More importantly, spelling errors fall in two basic categories. The first does not tell us anything substanitive about the writer. Given the ghoti insanity of the English language, being a bad speller does not necessarily imply a weak vocabulary or poor mastery of the language (put another way, not knowing whether it's double C or double S in "necessarily"does not necessarily suggest that you don't know what "necessarily" means). There are, however, cases (particularly involving transcription) where spelling errors can indicate that the writer is unfamiliar with the words in question. That appears to be the case here.
Pinker's central criticism largely boils down to phonetic reporting. Gladwell often goes into stories with a weak grasp of the field in question, as a result he frequently makes serious mistakes, constantly misses important subtleties, and is almost completely dependent on his subjects for understanding and context.
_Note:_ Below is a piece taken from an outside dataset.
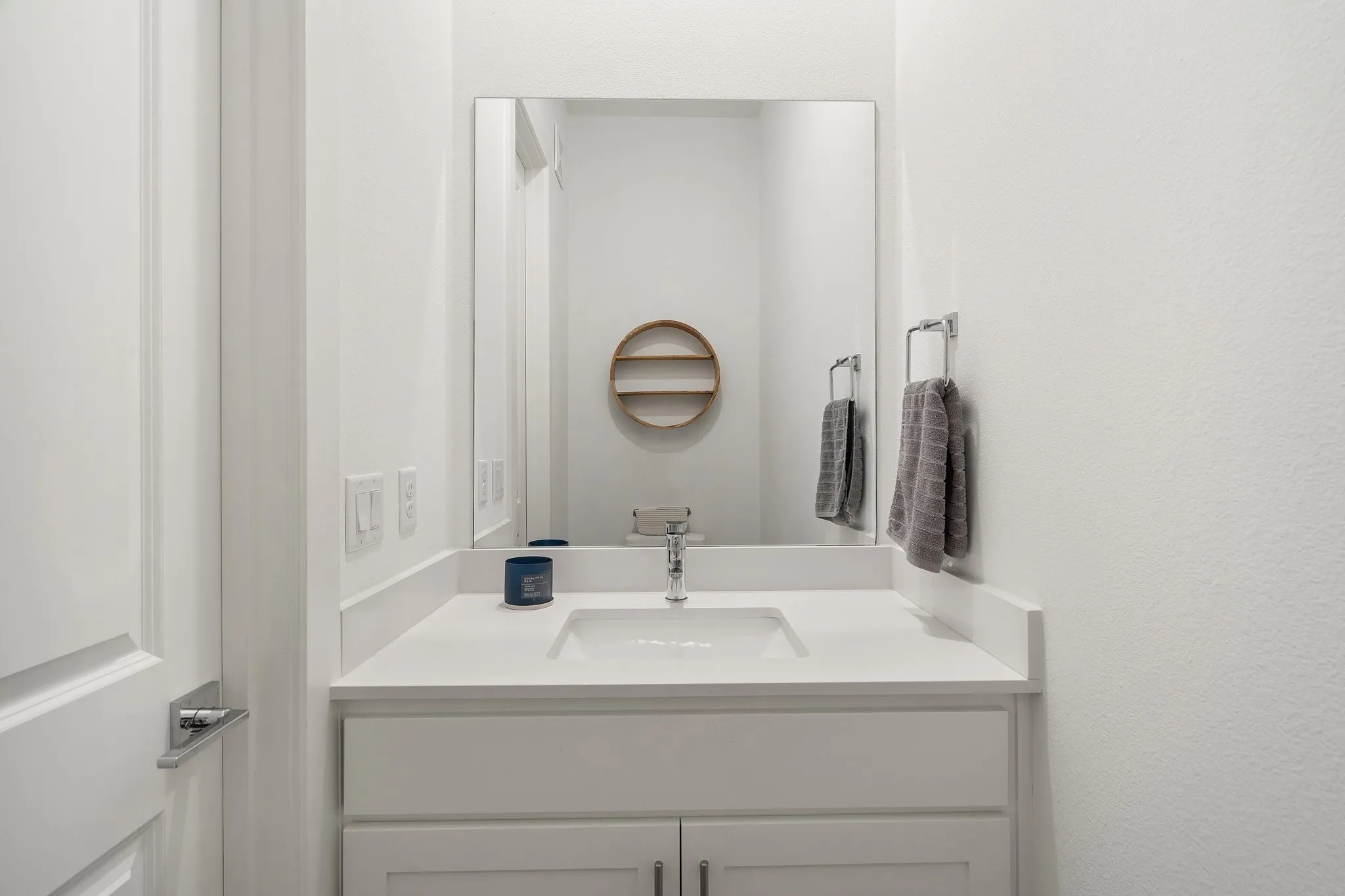 Condominium For Rent in Dallas County , 160 W Canty Street 203, Dallas, Texas 75208, 3 Bedroom, 3 Bathroom, 2 Garage spaces, 1,750 Sqft, built in 2020, mls#21411634, Real Estate Agent in Dallas, Homes For Rent in Dallas county, Homes For Rent in Dallas, Realtor in Dallas Texas, Real Estate Brokerage Independent Realty Texas, Luminita Cordes Realtor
Add to this poor fact checking and a disturbing nonchalance about getting the story right, and things can get ugly quickly.
Somewhat ironically, Gladwell hit back at Pinker for employing one of the same techniques which Gladwell is so proud of, picking a detail that told a good story and memorably illustrated a larger idea. The Igon Value Problem worked beautifully on those terms but it was far from the most serious or conclusive example available, even if we limit ourselves to the single article in question, "Blowing Up."
For example, the piece is very much invested in the idea of Taleb as Wall Street revolutionary. We could quibble about just how radical the Black Swan ideas and strategies are, but it is an entirely defensible interpretation. Unfortunately, Gladwell doesn't really understand which ideas are debatably new and which are familiar to anyone in finance. Here's an excerpt (starting and ending mid-paragraph):
There was just one problem, however, and it is the key to understanding the strange path that Nassim Taleb has chosen, and the position he now holds as Wall Street's principal dissident. Despite his envy and admiration, he did not want to be Victor Niederhoffer -- not then, not now, and not even for a moment in between. For when he looked around him, at the books and the tennis court and the folk art on the walls -- when he contemplated the countless millions that Niederhoffer had made over the years -- he could not escape the thought that it might all have been the result of sheer, dumb luck.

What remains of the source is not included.